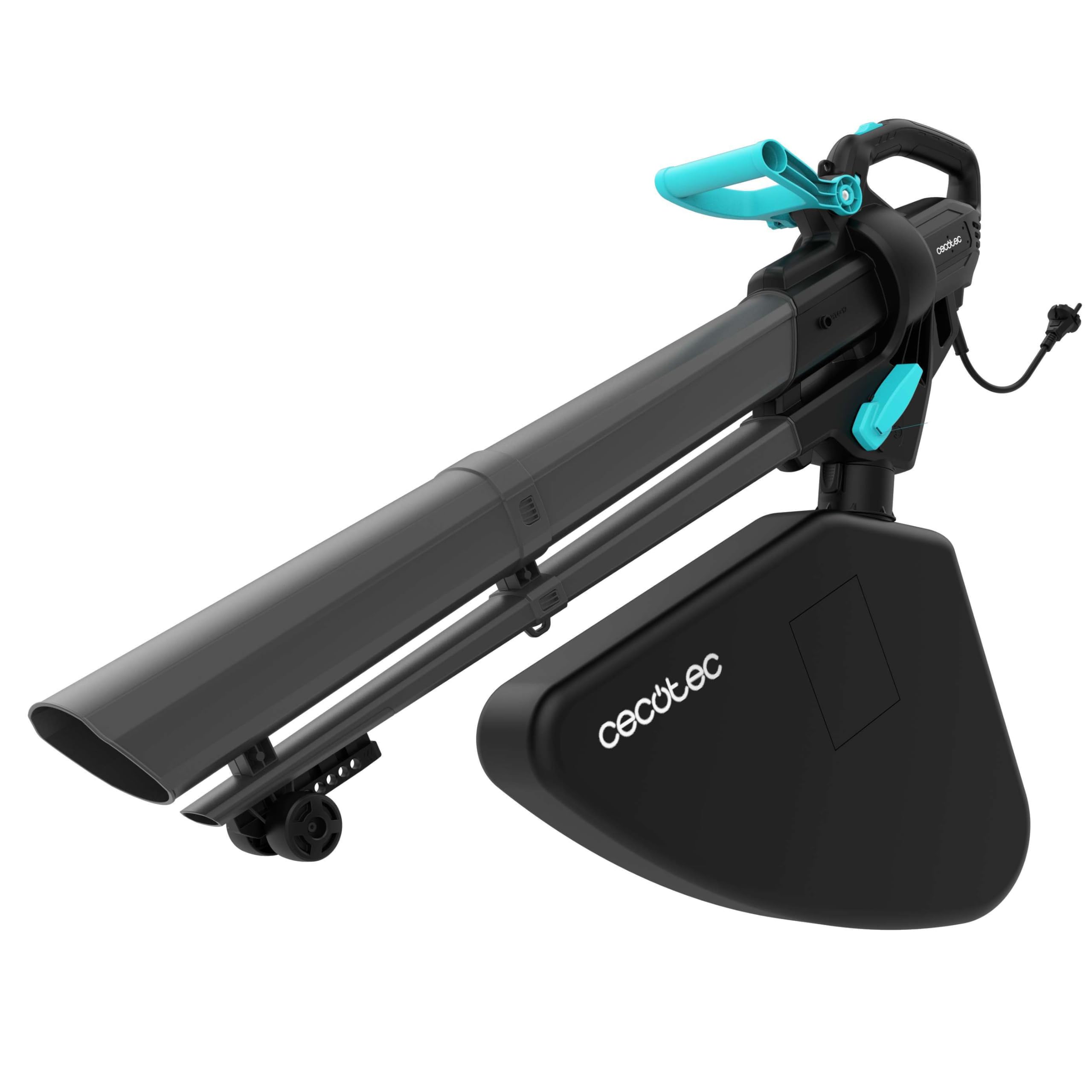 Cecotec Aspirador y Soplador de Hojas con Cable Airforce 3300 Crush&Go. 3300W, Velocidad de Aire 270km/h, Función triturado, Tubo con Boca XL, 6 Velocidad, Bolsa Almacenaje de 40L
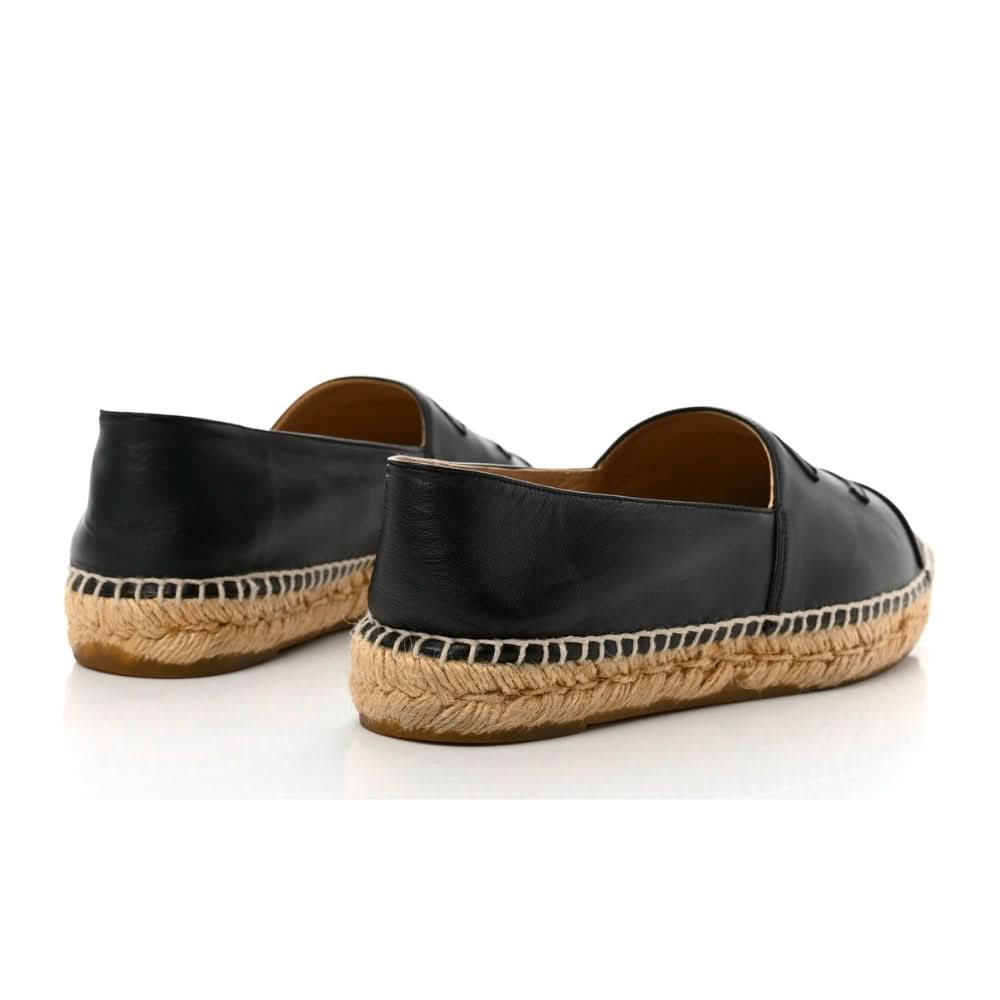 CHANEL Lambskin CC Espadrilles 38 'Black' - Copva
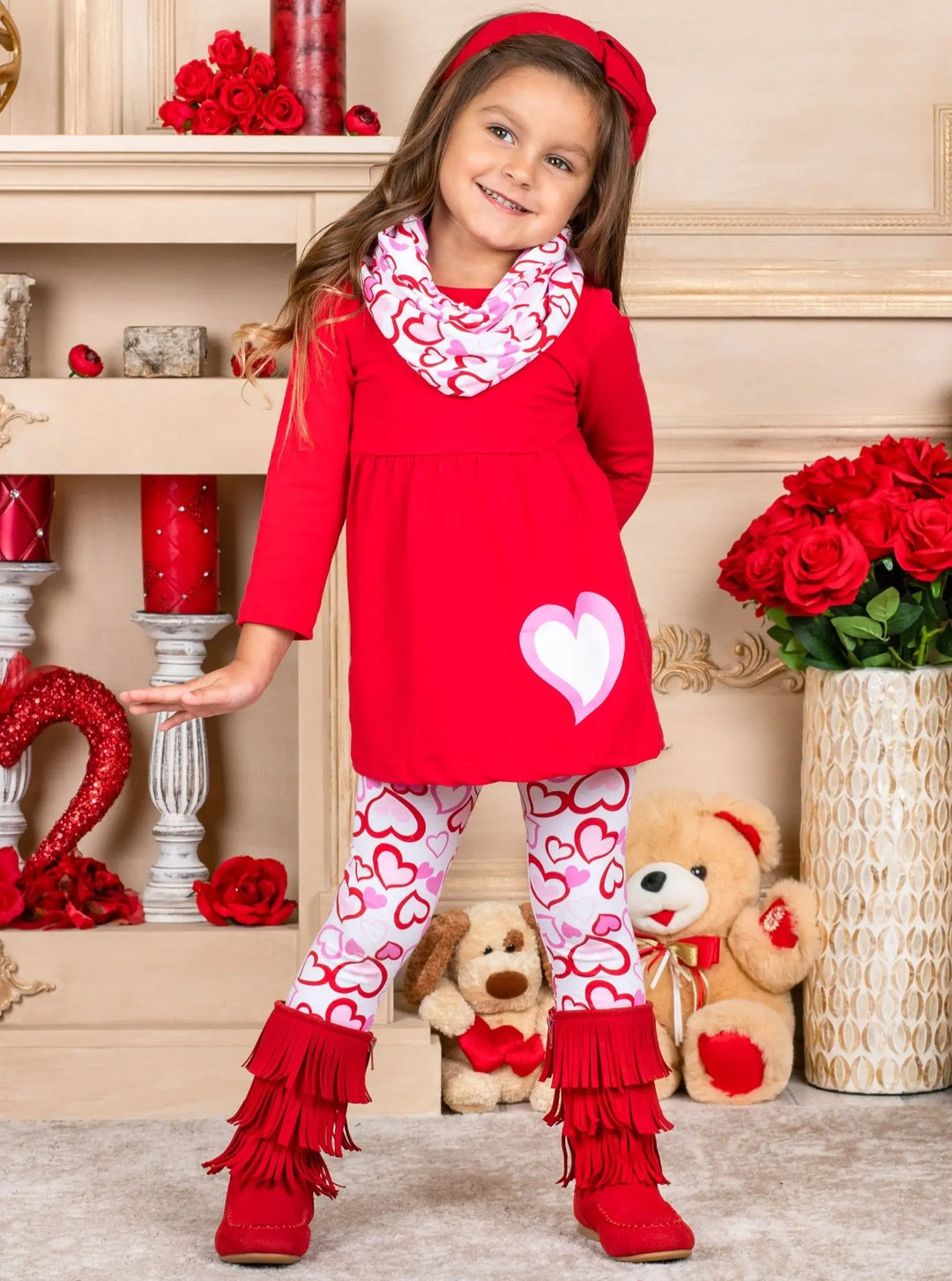 Kids Valentine's Clothes | Girls Heart Tunic Scarf & Legging Set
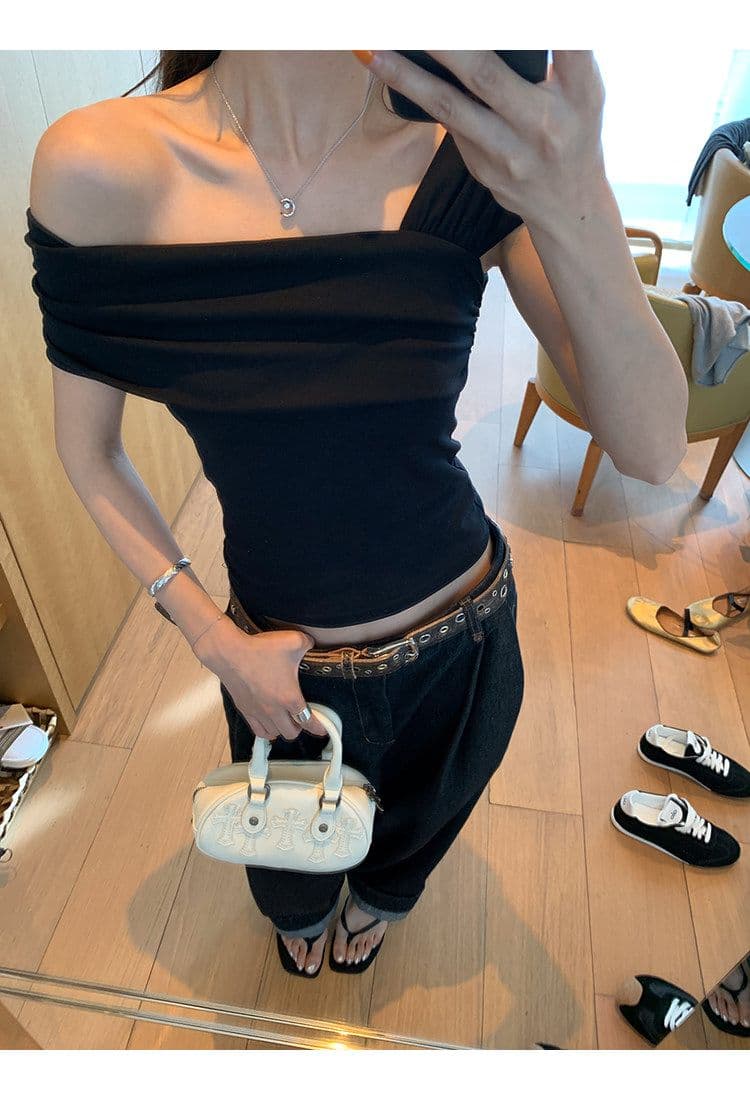 원본 것 레트로 체크무늬 체크무늬 오프숄더 민소매 티셔츠 쇼트 스타일 몸매 가꾸기 슬림해 보이는 검정색 맨위 상세 이미지 19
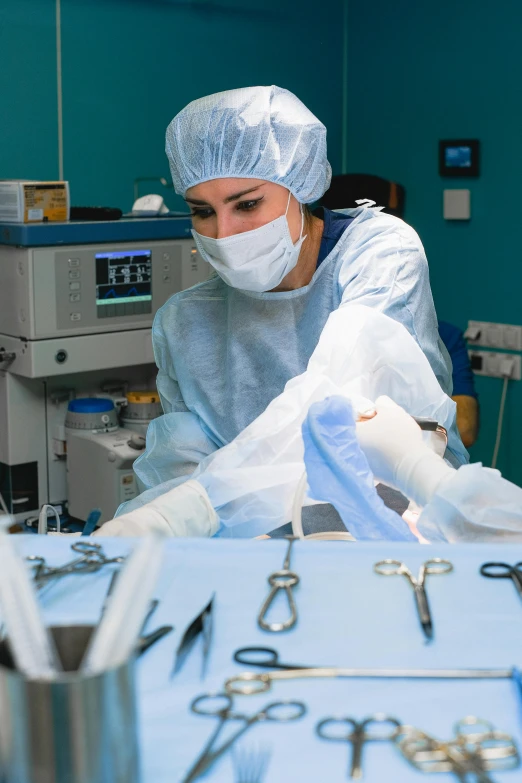 female medical staff working in an operating room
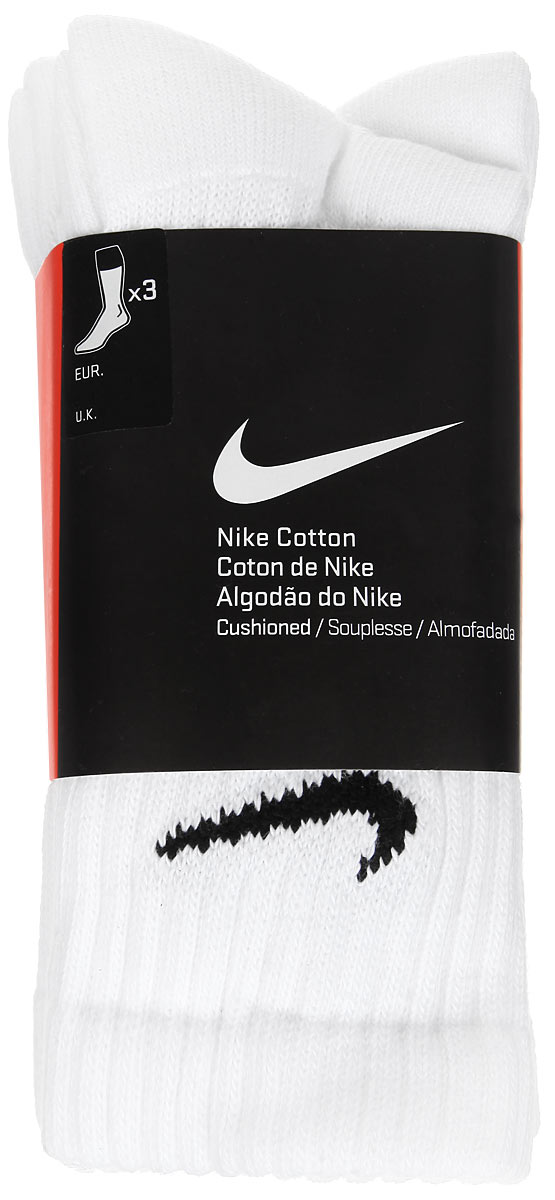 Носки унисекс Nike 3PPK Value Cotton Crew, цвет: белый, 3 пары. SX4508-101. Размер M (38/42)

Work order
Output every record exactly, minus the pictures.

Completed task
 Cecotec Aspirador y Soplador de Hojas con Cable Airforce 3300 Crush&Go. 3300W, Velocidad de Aire 270km/h, Función triturado, Tubo con Boca XL, 6 Velocidad, Bolsa Almacenaje de 40L
 CHANEL Lambskin CC Espadrilles 38 'Black' - Copva
 Kids Valentine's Clothes | Girls Heart Tunic Scarf & Legging Set
 원본 것 레트로 체크무늬 체크무늬 오프숄더 민소매 티셔츠 쇼트 스타일 몸매 가꾸기 슬림해 보이는 검정색 맨위 상세 이미지 19
 female medical staff working in an operating room
 Носки унисекс Nike 3PPK Value Cotton Crew, цвет: белый, 3 пары. SX4508-101. Размер M (38/42)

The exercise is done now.